In the first of a new series of articles, Construction and Commercial Litigation Partner, Richard Millard, looks at recent developments in Construction Law.

The recent decision in the Supreme Court (formerly the House of Lords) in RTS Flexible Systems Limited (Respondents) v Molkerei Alois Müller Gmbh & Co KG [2010] UKSC 14 highlights the problems that businesses can create for themselves when they postpone finalising the terms of a contract.

Very often, parties begin to draw up a formal written contract but start to perform the contract before the formal terms are fully agreed. In this situation the courts have to decide whether a legally binding contract has come into existence, and on what terms. There are numerous cases looking at the position where letters of intent are issued as a preliminary step to a formal contract, or where terms are passed back and forth and end up sitting in someone’s drawer.

In January 2005, RTS successfully tendered for a £1.68 million project to supply Müller with an automated system for packaging yoghurt pots. It was agreed that RTS would begin work on the basis of a four week letter of intent while the parties negotiated the terms of a final contract.

The form of contract being used stipulated that the Contract would only become effective once all counterparts had been signed by the contracting parties and exchanged.

The parties agreed the majority of the terms during which time RTS continued to work on the project beyond the time period stipulated in the letter of intent. The project ran into difficulties and the issue was whether a contract had been entered into.

The Supreme Court found that on the evidence the parties had reached agreement during the course of which by their conduct they had waived reliance on compliance with the above clause that required all counterparts to be signed and delivered.It reached a different conclusion to the lower Courts. Lord Clarke commented that

   "the different decisions in the courts below and the arguments in this court demonstrate the perils of beginning work without agreeing the precise basis upon which it is to be done. The moral of the story to is to agree first and to start work later."

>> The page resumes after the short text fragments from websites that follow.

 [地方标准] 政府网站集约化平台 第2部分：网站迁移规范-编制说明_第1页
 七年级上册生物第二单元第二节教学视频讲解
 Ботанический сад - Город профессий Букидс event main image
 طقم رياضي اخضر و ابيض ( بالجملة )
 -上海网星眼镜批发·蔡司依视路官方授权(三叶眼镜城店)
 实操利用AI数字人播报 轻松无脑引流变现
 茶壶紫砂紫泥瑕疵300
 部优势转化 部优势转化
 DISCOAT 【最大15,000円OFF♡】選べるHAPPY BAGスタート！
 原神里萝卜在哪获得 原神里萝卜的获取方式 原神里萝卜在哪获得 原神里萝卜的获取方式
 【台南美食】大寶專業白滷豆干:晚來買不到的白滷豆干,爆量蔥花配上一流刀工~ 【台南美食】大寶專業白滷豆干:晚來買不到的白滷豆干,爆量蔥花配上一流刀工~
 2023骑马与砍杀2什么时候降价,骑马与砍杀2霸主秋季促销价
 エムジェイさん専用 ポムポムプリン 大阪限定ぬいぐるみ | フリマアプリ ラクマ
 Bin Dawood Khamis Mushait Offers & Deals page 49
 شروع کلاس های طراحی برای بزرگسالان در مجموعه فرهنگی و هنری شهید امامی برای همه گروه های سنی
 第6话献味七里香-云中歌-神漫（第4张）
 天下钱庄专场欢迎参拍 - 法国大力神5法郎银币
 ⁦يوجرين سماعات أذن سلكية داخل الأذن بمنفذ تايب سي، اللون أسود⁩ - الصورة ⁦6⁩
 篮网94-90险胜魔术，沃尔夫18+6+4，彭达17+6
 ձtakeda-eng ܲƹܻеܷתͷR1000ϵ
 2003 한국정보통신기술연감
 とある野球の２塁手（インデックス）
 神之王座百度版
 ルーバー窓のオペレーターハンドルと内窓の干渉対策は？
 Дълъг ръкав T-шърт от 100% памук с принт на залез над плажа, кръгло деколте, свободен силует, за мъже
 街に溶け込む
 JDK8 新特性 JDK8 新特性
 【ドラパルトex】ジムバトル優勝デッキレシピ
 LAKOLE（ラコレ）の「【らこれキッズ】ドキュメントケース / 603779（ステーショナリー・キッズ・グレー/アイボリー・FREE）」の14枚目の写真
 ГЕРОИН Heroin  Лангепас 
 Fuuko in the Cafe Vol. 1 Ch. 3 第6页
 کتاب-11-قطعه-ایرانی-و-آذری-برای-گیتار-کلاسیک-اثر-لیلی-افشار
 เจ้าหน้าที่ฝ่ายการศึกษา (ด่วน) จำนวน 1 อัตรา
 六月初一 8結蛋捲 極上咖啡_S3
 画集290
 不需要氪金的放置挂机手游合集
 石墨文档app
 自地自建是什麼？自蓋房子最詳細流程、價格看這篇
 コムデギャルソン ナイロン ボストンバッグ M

Businesses may not always find it possible to agree on the terms before work starts but every effort should be made to finalise those terms at the earliest opportunity. This case highlights how cautious parties must be when beginning to carry out their side of the contract as they may waive the protection offered by a "subject to contract" provision. It is far better to reach an agreement on the terms or have certainty as to what each parties’ obligations are and avoid the potential for a dispute arising at a later date.